No really. She's my favourite character and everything. I promise she doesn't look like this for the whole movie, though.


The movie itself is pretty awesome. You don't have to know the story of the manga to get into it, but the speed and style of exposition means newcomers to the universe might benefit from having the Wiki entry open. The film also doesn't even remotely make an attempt to cover everything, simply focusing on Killy and Cibo's run-in with the Electro-Fishers. The ending is open-ended but satisfying for a one-shot, and works to raise interest for those unfamiliar with the manga.

Even so, I do feel this is definitely one that's more for the existing fans... not because it alienates other fans or because it isn't of interest (it is), but because the pacing seems to speak to viewers who know what's up.


While the voice acting (especially Kana Hanazawa as Cibo) and action and music and script were all fantastic... the visuals felt odd. The character designs themselves are great, but the partial cel-shading and addition of Gritty Look made it all feel a bit odd. At first I wondered if that was a stylistic choice to fit the subject matter; but Nihei's Knights of Sidonia looks much the same, so it seems to just be What The Studio Does.

Apparently What the Studio Does is also drop frames here and there to look more 2D. I have a very sensitive eye for 3D pacing (which makes fake people in live-action movies a misery for me), and for me the whole thing just looked like a two-hour cut scene played on a computer that wasn't overclocked enough for the game.
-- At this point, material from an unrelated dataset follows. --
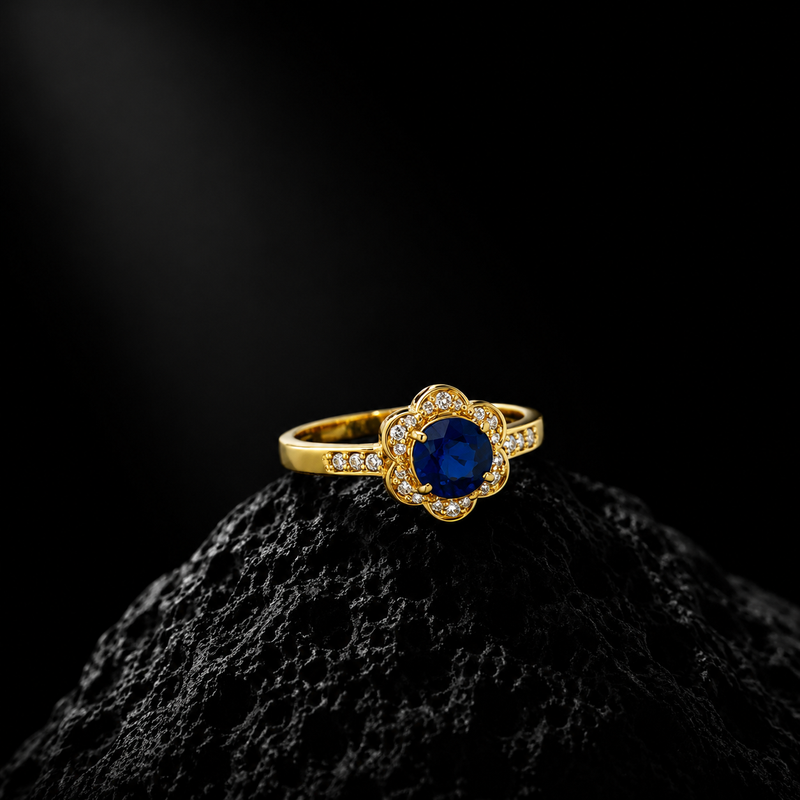 Sapphire Bloom Ring – 18K Gold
It felt Off and Weird, and not in an immersive or artistic way.

That said, I know that nine times out of 10, that kind of opinion ends up being largely a product of subjective taste. So can I say it looks bad? No. Clearly there are people who like this aesthetic, or there wouldn't be a whole studio doing it. But it felt odd to me.
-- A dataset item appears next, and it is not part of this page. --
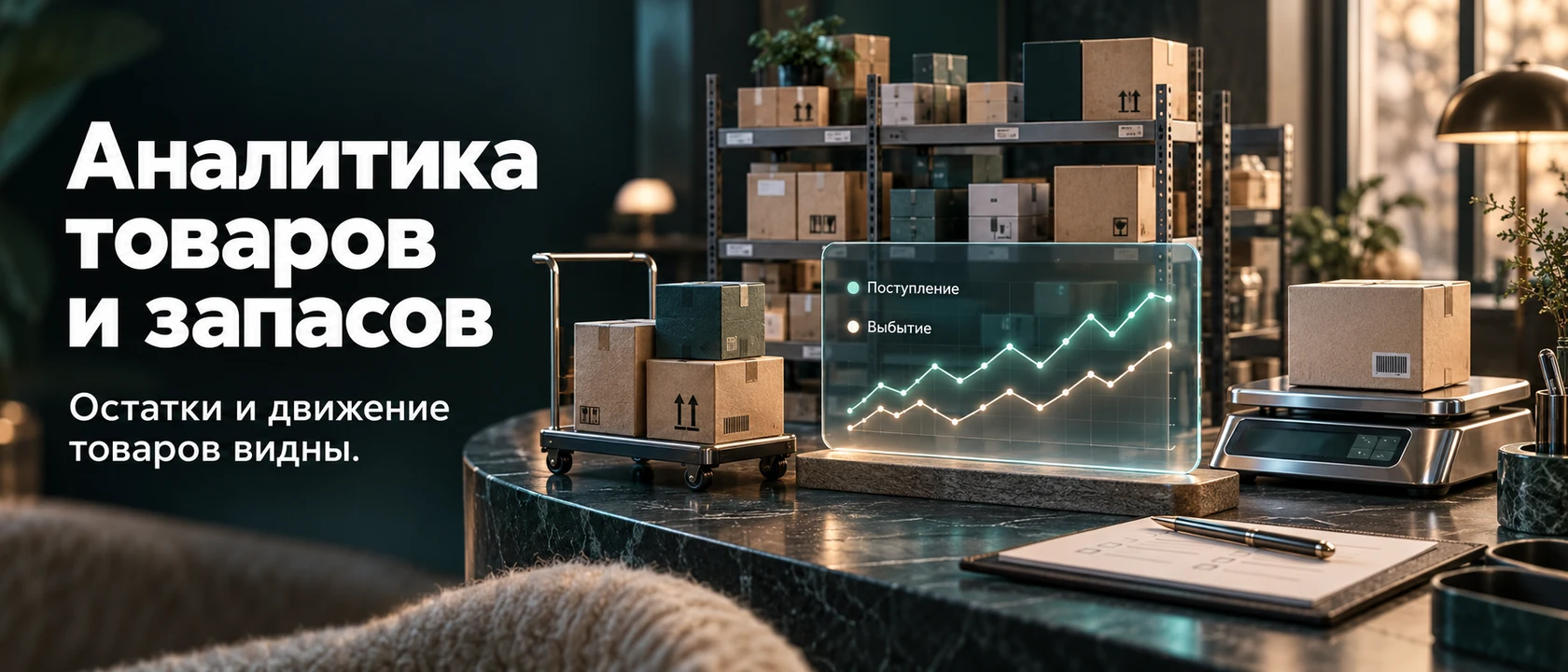 Иллюстрация услуги «Аналитика товаров и запасов». Остатки и движение товаров видны.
I took a look at the ONA and found myself wishing the new film had been done in that style of 2D animation. It was evocative of some of that genuinely grungy, grimy, almost liminal animation Japan was turning out starting in the late 80s and spilling over into the 90s. There was an element of Take the X Train to it, which I thought would have served well here.
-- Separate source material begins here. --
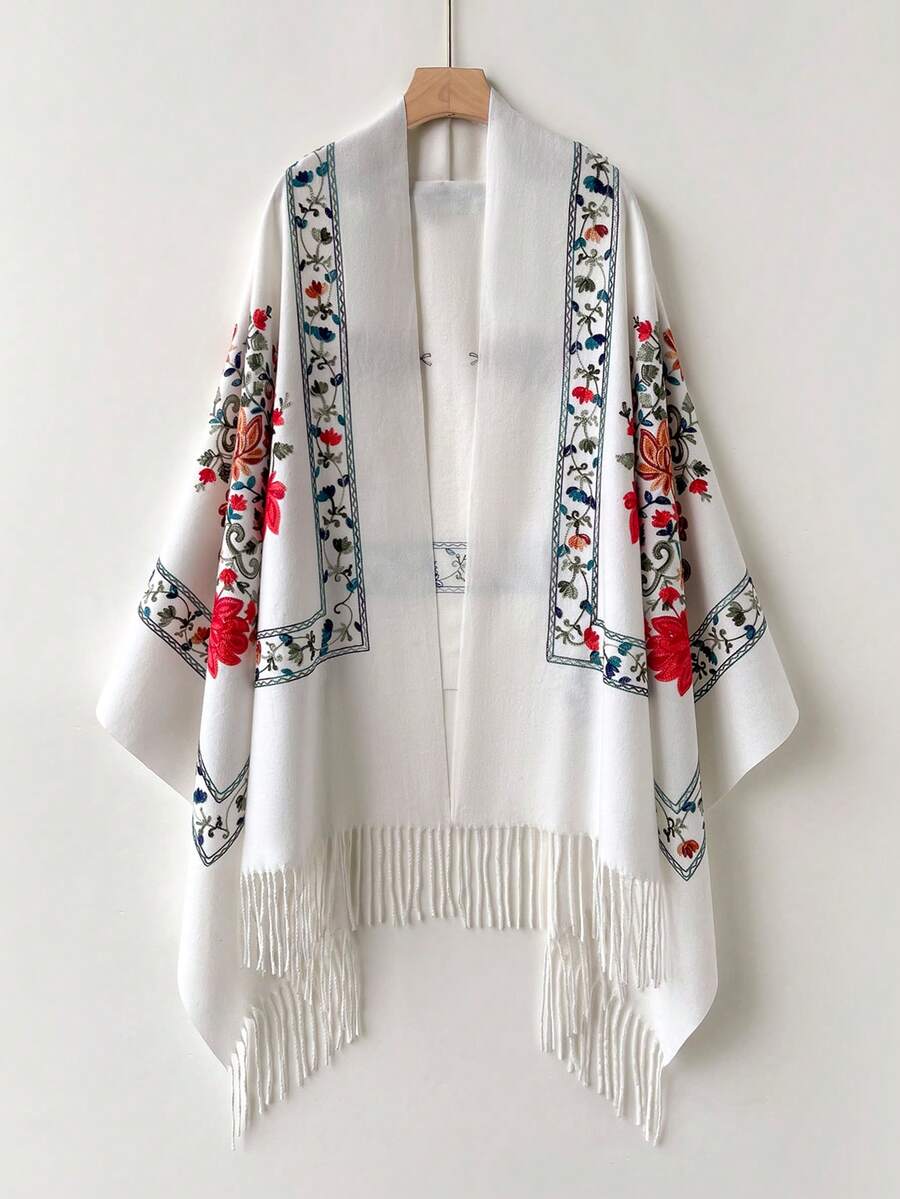 1 件女士秋冬仿羊绒刺绣围巾，厚实保暖流苏刺绣波西米亚风格旅行披肩斗篷 - 白色 - 查看 1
But. That didn't ruin the movie. Honestly, it didn't. It was still engaging, gritty, action-packed, violent, scary, weird, and awesome. Even with my awareness that they have ten volumes of manga to work with, a stand-alone film felt right for this iteration. Will it go down as a cinematic masterpiece? Probably not. Will it go down as a good afternoon? If you like some explodey cyberpunk, sure.

BLAME! is available to watch on Netflix for a limited time.